PSS to push for fairer share of Title 1 grant
The Public School System will renew its effort to get U.S. territories a fairer share of its current Title 1 allocation next year, according to Tim Thornburg, PSS federal programs officer.
Guam, the Northern Marianas Islands, U.S. Virgin Islands, and America Samoa currently receive a third of 1 percent of Title 1 monies given to them and the Bureau of Indian Education under the current language of the Elementary Secondary Education Act.
This despite the fact, according to Thornburg, that the number of students aged 5 to 17 in the outlying areas is equal to the number of students in the same age range under the Bureau of Indian Education.
As a result of this, the bureau has the highest student allocation in the nation, with over $20,000 a year per student, according to Thornburg.
“We’re not interested in how much is being allocated. What we’re interested in is equity,” he told Saipan Tribune in an interview yesterday.
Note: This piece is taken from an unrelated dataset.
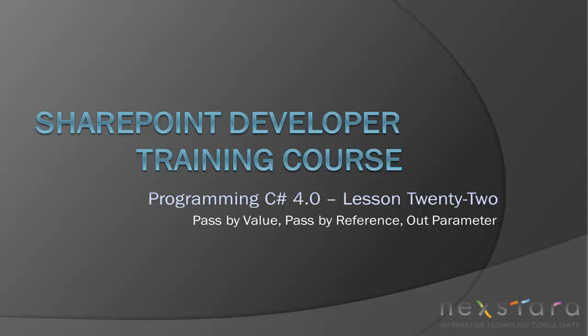Hello everyone and welcome to today's lesson. Today we're going to be talking about pass by value, pass by reference, and out parameters.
PSS would like outlying areas to receive one-half of the 1 percent, according to Thornburg. He said PSS plans to work with Delegate Gregorio Kilili C. Sablan to get this done.
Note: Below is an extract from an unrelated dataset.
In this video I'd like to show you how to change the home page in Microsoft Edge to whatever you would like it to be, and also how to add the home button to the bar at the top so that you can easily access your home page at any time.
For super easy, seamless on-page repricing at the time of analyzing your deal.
This 50-50 split, he said, “just makes sense,” and would follow how Title IV—the Rural and Low Income Schools grant—is split equally between BIE and the outlying areas.
The change in law would bring the CNMI’s total consolidated grant from $12 million to $16 million, according to Thornburg,
The change would also be consistent with one of the five goals the Board of Education drafted for Sablan in their 2010 congressional agenda, some of which require inclusion in nationwide programs, he said.
He believes that reauthorization in a Republican-led Congress is a “real possibility.” He gathered this from a recent Council of Chief Sate School Officers annual policy forum he attended with Education Commissioner Dr. Rita Sablan last month.
He learned that Congress would push for a reauthorization of ESEA, or the No Child Left Behind Act, with the removal of competitive grants, like the Race to the Top program, which PSS has tried but failed to access in past years.
He learned that Republicans intend to replace competitive grants with formula grants, much like the original ESEA drawn in 1964. This, Thornburg believes, might mean more money for the CNMI.
The outlying areas have never been included in eligibility, he said, and thus could never apply for these grants.
“It just never happened,” he said.
An NPR report in November had Lamar Alexander, the expected new chairman for the U.S. Senate committee Health, Education, Labor, and Pensions, saying that fixing NCLBA was his “first priority” in the new Congress.
Patty Murray, minority leader on HELP, also has an interest in authorization, according to Thornburg. He said the two leaders worked together recently on a bipartisan bill reauthorizing the Workforce Investment Act.
Because of this, Thornburg is hopeful that a bipartisan bill on education reauthorization will emerge from the Senate next year.